▸ **Exercise goal**
Make a verbatim copy of the records; pictures stay out.

[Collected data entries]
*-*-*
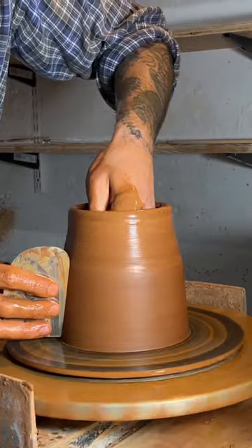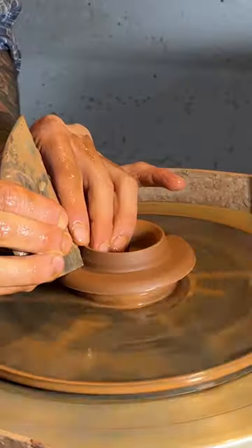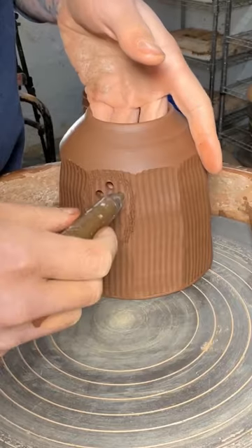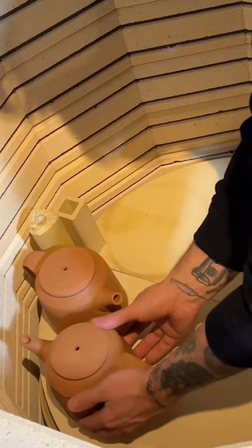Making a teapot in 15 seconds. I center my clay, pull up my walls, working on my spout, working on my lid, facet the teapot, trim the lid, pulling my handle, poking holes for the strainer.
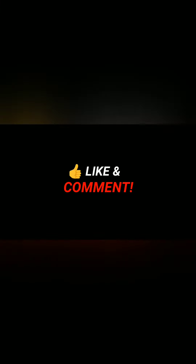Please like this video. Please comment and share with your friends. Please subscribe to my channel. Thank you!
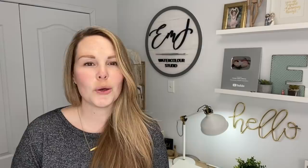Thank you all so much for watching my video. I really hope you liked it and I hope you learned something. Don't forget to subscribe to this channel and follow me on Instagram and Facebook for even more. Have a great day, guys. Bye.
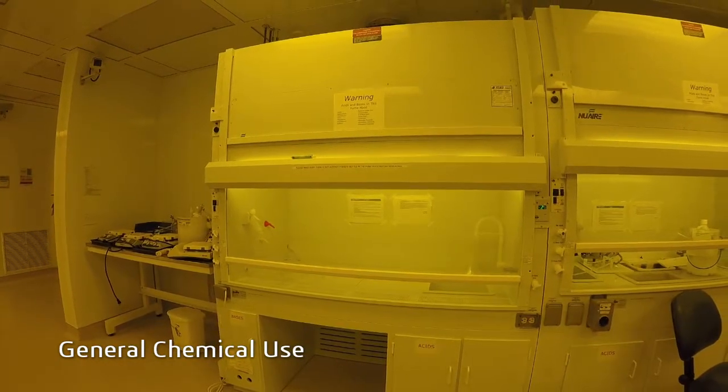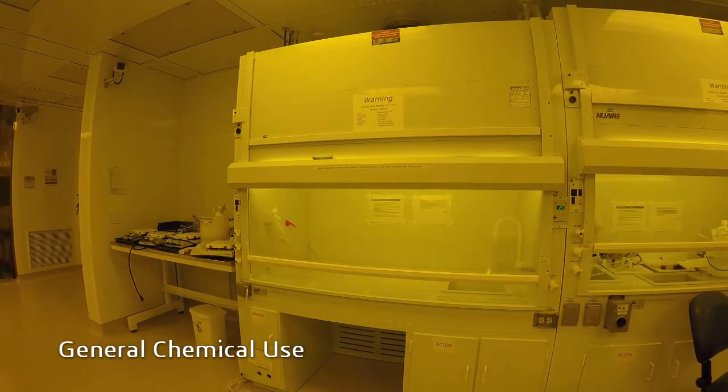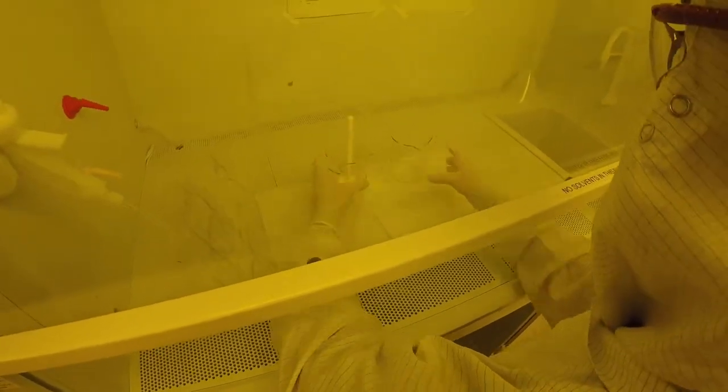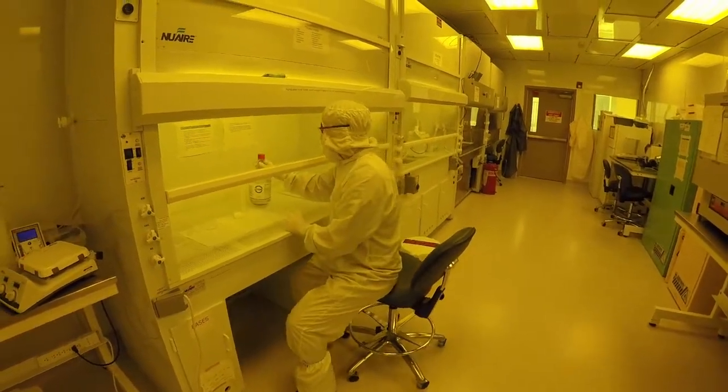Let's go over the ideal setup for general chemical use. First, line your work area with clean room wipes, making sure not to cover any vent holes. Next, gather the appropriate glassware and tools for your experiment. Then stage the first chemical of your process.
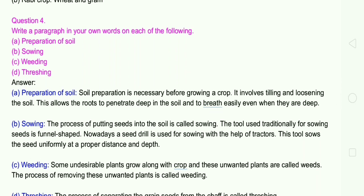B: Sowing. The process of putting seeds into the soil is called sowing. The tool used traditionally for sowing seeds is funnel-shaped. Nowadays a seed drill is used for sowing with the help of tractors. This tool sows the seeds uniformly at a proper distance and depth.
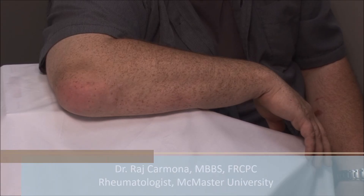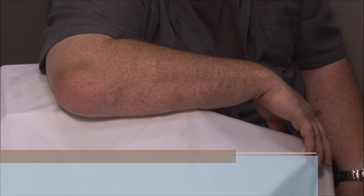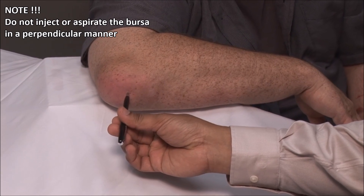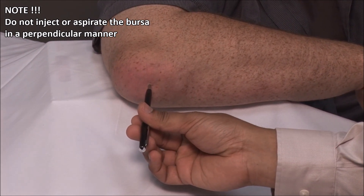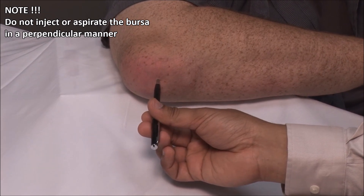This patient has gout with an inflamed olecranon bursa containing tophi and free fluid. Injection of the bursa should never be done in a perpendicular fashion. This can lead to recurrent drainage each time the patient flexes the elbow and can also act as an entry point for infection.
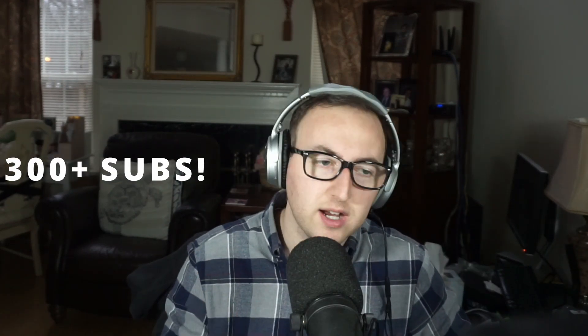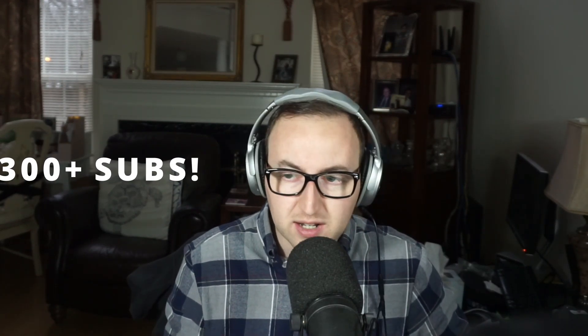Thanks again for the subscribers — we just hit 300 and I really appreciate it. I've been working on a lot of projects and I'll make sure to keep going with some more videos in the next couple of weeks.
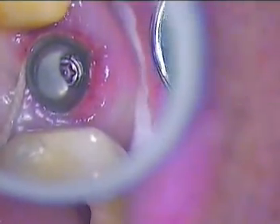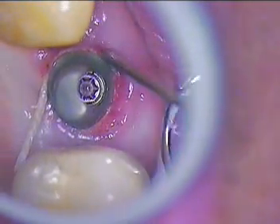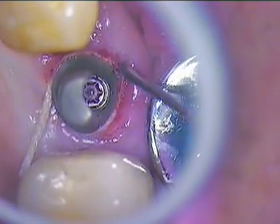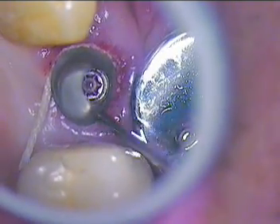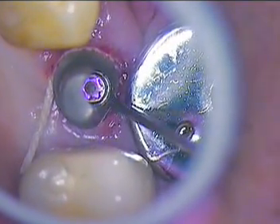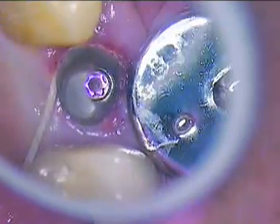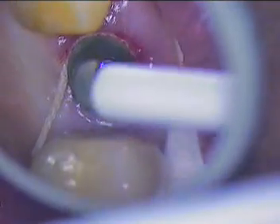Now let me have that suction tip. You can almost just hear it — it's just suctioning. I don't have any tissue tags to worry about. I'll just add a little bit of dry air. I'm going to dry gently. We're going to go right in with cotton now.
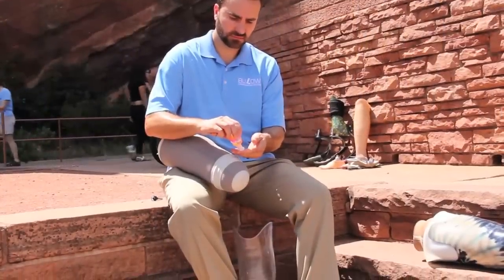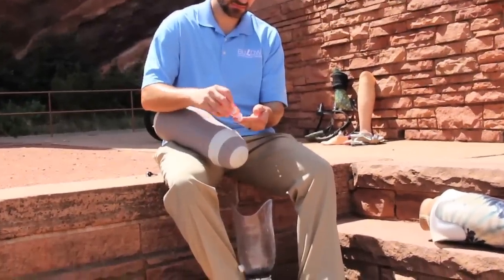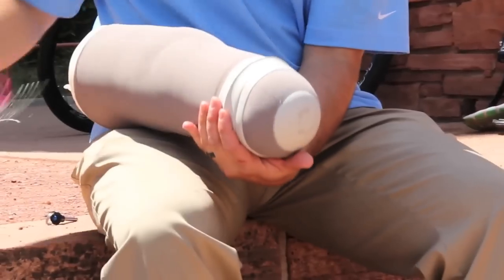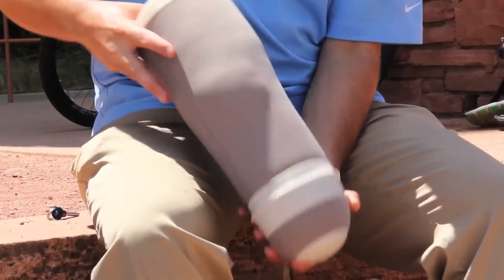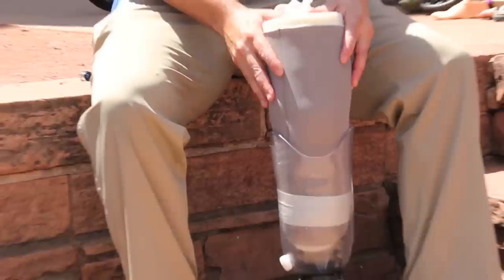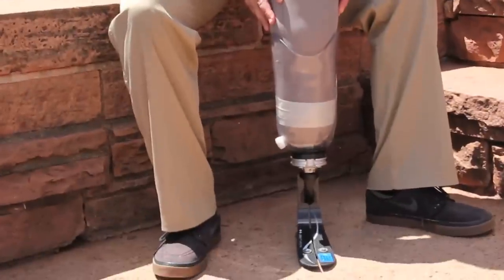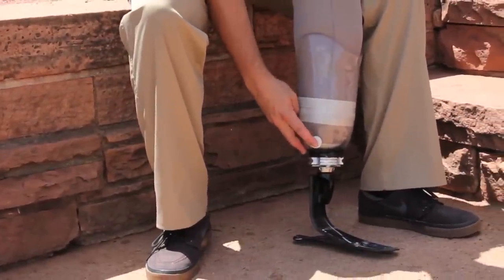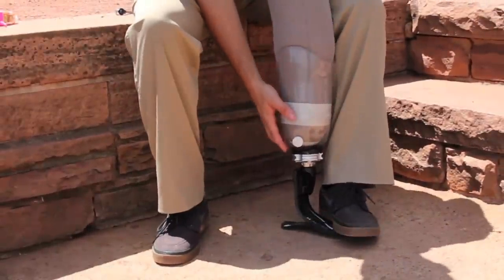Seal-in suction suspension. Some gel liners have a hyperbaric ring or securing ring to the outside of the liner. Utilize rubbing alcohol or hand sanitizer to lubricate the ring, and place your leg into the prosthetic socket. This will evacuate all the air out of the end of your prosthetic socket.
*-*-*
▸ **Result of this task**
Making a teapot in 15 seconds. I center my clay, pull up my walls, working on my spout, working on my lid, facet the teapot, trim the lid, pulling my handle, poking holes for the strainer.
Please like this video. Please comment and share with your friends. Please subscribe to my channel. Thank you!
Thank you all so much for watching my video. I really hope you liked it and I hope you learned something. Don't forget to subscribe to this channel and follow me on Instagram and Facebook for even more. Have a great day, guys. Bye.
Let's go over the ideal setup for general chemical use. First, line your work area with clean room wipes, making sure not to cover any vent holes. Next, gather the appropriate glassware and tools for your experiment. Then stage the first chemical of your process.
B: Sowing. The process of putting seeds into the soil is called sowing. The tool used traditionally for sowing seeds is funnel-shaped. Nowadays a seed drill is used for sowing with the help of tractors. This tool sows the seeds uniformly at a proper distance and depth.
This patient has gout with an inflamed olecranon bursa containing tophi and free fluid. Injection of the bursa should never be done in a perpendicular fashion. This can lead to recurrent drainage each time the patient flexes the elbow and can also act as an entry point for infection.
Thanks again for the subscribers — we just hit 300 and I really appreciate it. I've been working on a lot of projects and I'll make sure to keep going with some more videos in the next couple of weeks.
Now let me have that suction tip. You can almost just hear it — it's just suctioning. I don't have any tissue tags to worry about. I'll just add a little bit of dry air. I'm going to dry gently. We're going to go right in with cotton now.
Seal-in suction suspension. Some gel liners have a hyperbaric ring or securing ring to the outside of the liner. Utilize rubbing alcohol or hand sanitizer to lubricate the ring, and place your leg into the prosthetic socket. This will evacuate all the air out of the end of your prosthetic socket.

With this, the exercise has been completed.